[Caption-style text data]

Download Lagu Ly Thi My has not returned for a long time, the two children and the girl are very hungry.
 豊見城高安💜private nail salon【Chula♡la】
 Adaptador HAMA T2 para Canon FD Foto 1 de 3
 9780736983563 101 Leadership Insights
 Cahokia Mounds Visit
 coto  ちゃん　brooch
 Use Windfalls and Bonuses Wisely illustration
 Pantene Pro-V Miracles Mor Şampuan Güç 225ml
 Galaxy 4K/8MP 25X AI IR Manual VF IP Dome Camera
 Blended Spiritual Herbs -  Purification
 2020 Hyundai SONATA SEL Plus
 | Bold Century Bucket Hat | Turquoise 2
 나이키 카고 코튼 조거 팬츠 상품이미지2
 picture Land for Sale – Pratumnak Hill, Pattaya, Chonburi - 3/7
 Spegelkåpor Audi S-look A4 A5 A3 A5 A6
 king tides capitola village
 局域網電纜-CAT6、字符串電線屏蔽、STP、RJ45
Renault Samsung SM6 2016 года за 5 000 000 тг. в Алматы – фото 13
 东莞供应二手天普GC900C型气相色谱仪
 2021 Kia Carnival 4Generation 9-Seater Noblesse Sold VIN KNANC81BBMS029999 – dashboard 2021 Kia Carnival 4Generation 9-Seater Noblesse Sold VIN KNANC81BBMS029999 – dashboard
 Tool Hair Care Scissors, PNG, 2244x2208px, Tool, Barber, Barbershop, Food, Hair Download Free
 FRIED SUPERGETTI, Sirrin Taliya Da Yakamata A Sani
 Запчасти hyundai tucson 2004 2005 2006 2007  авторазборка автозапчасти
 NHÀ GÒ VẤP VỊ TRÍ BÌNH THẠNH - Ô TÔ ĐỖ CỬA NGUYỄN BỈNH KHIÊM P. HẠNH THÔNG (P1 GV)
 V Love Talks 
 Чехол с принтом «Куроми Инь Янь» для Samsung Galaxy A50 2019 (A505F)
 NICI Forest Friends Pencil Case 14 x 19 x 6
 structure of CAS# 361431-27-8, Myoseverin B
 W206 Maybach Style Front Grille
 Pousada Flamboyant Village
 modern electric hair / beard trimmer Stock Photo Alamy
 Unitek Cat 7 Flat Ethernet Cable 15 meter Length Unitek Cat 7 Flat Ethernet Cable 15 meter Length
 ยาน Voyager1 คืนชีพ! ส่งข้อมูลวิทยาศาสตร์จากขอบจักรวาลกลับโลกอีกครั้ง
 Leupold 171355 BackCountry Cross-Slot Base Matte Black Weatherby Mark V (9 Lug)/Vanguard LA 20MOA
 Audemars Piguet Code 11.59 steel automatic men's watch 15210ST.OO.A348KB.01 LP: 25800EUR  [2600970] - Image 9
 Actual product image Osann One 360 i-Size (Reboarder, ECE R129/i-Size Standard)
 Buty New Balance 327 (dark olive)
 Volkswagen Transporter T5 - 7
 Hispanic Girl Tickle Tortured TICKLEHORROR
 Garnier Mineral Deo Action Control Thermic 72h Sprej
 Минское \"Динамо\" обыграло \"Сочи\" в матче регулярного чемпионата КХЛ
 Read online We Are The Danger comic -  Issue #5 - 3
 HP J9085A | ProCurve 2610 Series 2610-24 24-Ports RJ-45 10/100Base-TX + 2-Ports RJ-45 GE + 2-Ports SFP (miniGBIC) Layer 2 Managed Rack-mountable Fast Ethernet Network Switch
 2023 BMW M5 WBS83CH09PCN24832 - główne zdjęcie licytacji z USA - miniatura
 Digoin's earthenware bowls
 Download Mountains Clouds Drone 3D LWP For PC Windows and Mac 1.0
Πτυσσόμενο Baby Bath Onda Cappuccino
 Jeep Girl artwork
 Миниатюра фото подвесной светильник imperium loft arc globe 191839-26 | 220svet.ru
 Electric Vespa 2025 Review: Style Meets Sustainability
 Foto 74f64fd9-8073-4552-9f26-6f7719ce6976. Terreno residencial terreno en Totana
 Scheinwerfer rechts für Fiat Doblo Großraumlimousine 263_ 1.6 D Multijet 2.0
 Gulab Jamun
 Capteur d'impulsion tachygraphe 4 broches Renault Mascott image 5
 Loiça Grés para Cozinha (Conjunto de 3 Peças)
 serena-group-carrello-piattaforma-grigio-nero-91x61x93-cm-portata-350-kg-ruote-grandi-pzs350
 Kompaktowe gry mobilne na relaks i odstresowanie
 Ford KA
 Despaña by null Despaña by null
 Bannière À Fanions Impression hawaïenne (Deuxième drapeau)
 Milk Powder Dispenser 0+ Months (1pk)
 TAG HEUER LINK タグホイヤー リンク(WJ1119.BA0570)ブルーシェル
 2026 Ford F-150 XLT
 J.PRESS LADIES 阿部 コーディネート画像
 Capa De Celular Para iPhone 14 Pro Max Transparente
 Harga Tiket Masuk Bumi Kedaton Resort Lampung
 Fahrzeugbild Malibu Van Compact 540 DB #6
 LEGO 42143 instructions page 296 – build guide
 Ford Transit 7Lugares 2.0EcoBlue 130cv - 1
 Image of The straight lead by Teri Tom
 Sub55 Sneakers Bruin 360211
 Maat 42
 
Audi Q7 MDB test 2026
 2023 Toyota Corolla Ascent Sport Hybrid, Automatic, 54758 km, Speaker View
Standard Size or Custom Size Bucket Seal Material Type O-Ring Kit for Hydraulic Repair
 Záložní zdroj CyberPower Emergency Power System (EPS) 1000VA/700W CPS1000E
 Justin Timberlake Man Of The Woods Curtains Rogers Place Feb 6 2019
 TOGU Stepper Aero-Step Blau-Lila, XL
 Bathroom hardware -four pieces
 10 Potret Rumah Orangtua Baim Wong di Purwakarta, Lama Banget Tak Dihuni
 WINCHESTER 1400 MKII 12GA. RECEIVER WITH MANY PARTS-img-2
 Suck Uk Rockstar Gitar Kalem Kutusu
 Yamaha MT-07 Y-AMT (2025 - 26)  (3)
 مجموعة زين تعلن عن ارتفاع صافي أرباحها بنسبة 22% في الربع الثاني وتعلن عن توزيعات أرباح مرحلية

▶ **TASK REQUIREMENTS**:
Transcribe the records above exactly, keeping every line.

▶ **PROBLEM SOLUTION**:
Download Lagu Ly Thi My has not returned for a long time, the two children and the girl are very hungry.
 豊見城高安💜private nail salon【Chula♡la】
 Adaptador HAMA T2 para Canon FD Foto 1 de 3
 9780736983563 101 Leadership Insights
 Cahokia Mounds Visit
 coto  ちゃん　brooch
 Use Windfalls and Bonuses Wisely illustration
 Pantene Pro-V Miracles Mor Şampuan Güç 225ml
 Galaxy 4K/8MP 25X AI IR Manual VF IP Dome Camera
 Blended Spiritual Herbs -  Purification
 2020 Hyundai SONATA SEL Plus
 | Bold Century Bucket Hat | Turquoise 2
 나이키 카고 코튼 조거 팬츠 상품이미지2
 picture Land for Sale – Pratumnak Hill, Pattaya, Chonburi - 3/7
 Spegelkåpor Audi S-look A4 A5 A3 A5 A6
 king tides capitola village
 局域網電纜-CAT6、字符串電線屏蔽、STP、RJ45
Renault Samsung SM6 2016 года за 5 000 000 тг. в Алматы – фото 13
 东莞供应二手天普GC900C型气相色谱仪
 2021 Kia Carnival 4Generation 9-Seater Noblesse Sold VIN KNANC81BBMS029999 – dashboard 2021 Kia Carnival 4Generation 9-Seater Noblesse Sold VIN KNANC81BBMS029999 – dashboard
 Tool Hair Care Scissors, PNG, 2244x2208px, Tool, Barber, Barbershop, Food, Hair Download Free
 FRIED SUPERGETTI, Sirrin Taliya Da Yakamata A Sani
 Запчасти hyundai tucson 2004 2005 2006 2007  авторазборка автозапчасти
 NHÀ GÒ VẤP VỊ TRÍ BÌNH THẠNH - Ô TÔ ĐỖ CỬA NGUYỄN BỈNH KHIÊM P. HẠNH THÔNG (P1 GV)
 V Love Talks 
 Чехол с принтом «Куроми Инь Янь» для Samsung Galaxy A50 2019 (A505F)
 NICI Forest Friends Pencil Case 14 x 19 x 6
 structure of CAS# 361431-27-8, Myoseverin B
 W206 Maybach Style Front Grille
 Pousada Flamboyant Village
 modern electric hair / beard trimmer Stock Photo Alamy
 Unitek Cat 7 Flat Ethernet Cable 15 meter Length Unitek Cat 7 Flat Ethernet Cable 15 meter Length
 ยาน Voyager1 คืนชีพ! ส่งข้อมูลวิทยาศาสตร์จากขอบจักรวาลกลับโลกอีกครั้ง
 Leupold 171355 BackCountry Cross-Slot Base Matte Black Weatherby Mark V (9 Lug)/Vanguard LA 20MOA
 Audemars Piguet Code 11.59 steel automatic men's watch 15210ST.OO.A348KB.01 LP: 25800EUR  [2600970] - Image 9
 Actual product image Osann One 360 i-Size (Reboarder, ECE R129/i-Size Standard)
 Buty New Balance 327 (dark olive)
 Volkswagen Transporter T5 - 7
 Hispanic Girl Tickle Tortured TICKLEHORROR
 Garnier Mineral Deo Action Control Thermic 72h Sprej
 Минское \"Динамо\" обыграло \"Сочи\" в матче регулярного чемпионата КХЛ
 Read online We Are The Danger comic -  Issue #5 - 3
 HP J9085A | ProCurve 2610 Series 2610-24 24-Ports RJ-45 10/100Base-TX + 2-Ports RJ-45 GE + 2-Ports SFP (miniGBIC) Layer 2 Managed Rack-mountable Fast Ethernet Network Switch
 2023 BMW M5 WBS83CH09PCN24832 - główne zdjęcie licytacji z USA - miniatura
 Digoin's earthenware bowls
 Download Mountains Clouds Drone 3D LWP For PC Windows and Mac 1.0
Πτυσσόμενο Baby Bath Onda Cappuccino
 Jeep Girl artwork
 Миниатюра фото подвесной светильник imperium loft arc globe 191839-26 | 220svet.ru
 Electric Vespa 2025 Review: Style Meets Sustainability
 Foto 74f64fd9-8073-4552-9f26-6f7719ce6976. Terreno residencial terreno en Totana
 Scheinwerfer rechts für Fiat Doblo Großraumlimousine 263_ 1.6 D Multijet 2.0
 Gulab Jamun
 Capteur d'impulsion tachygraphe 4 broches Renault Mascott image 5
 Loiça Grés para Cozinha (Conjunto de 3 Peças)
 serena-group-carrello-piattaforma-grigio-nero-91x61x93-cm-portata-350-kg-ruote-grandi-pzs350
 Kompaktowe gry mobilne na relaks i odstresowanie
 Ford KA
 Despaña by null Despaña by null
 Bannière À Fanions Impression hawaïenne (Deuxième drapeau)
 Milk Powder Dispenser 0+ Months (1pk)
 TAG HEUER LINK タグホイヤー リンク(WJ1119.BA0570)ブルーシェル
 2026 Ford F-150 XLT
 J.PRESS LADIES 阿部 コーディネート画像
 Capa De Celular Para iPhone 14 Pro Max Transparente
 Harga Tiket Masuk Bumi Kedaton Resort Lampung
 Fahrzeugbild Malibu Van Compact 540 DB #6
 LEGO 42143 instructions page 296 – build guide
 Ford Transit 7Lugares 2.0EcoBlue 130cv - 1
 Image of The straight lead by Teri Tom
 Sub55 Sneakers Bruin 360211
 Maat 42
 
Audi Q7 MDB test 2026
 2023 Toyota Corolla Ascent Sport Hybrid, Automatic, 54758 km, Speaker View
Standard Size or Custom Size Bucket Seal Material Type O-Ring Kit for Hydraulic Repair
 Záložní zdroj CyberPower Emergency Power System (EPS) 1000VA/700W CPS1000E
 Justin Timberlake Man Of The Woods Curtains Rogers Place Feb 6 2019
 TOGU Stepper Aero-Step Blau-Lila, XL
 Bathroom hardware -four pieces
 10 Potret Rumah Orangtua Baim Wong di Purwakarta, Lama Banget Tak Dihuni
 WINCHESTER 1400 MKII 12GA. RECEIVER WITH MANY PARTS-img-2
 Suck Uk Rockstar Gitar Kalem Kutusu
 Yamaha MT-07 Y-AMT (2025 - 26)  (3)
 مجموعة زين تعلن عن ارتفاع صافي أرباحها بنسبة 22% في الربع الثاني وتعلن عن توزيعات أرباح مرحلية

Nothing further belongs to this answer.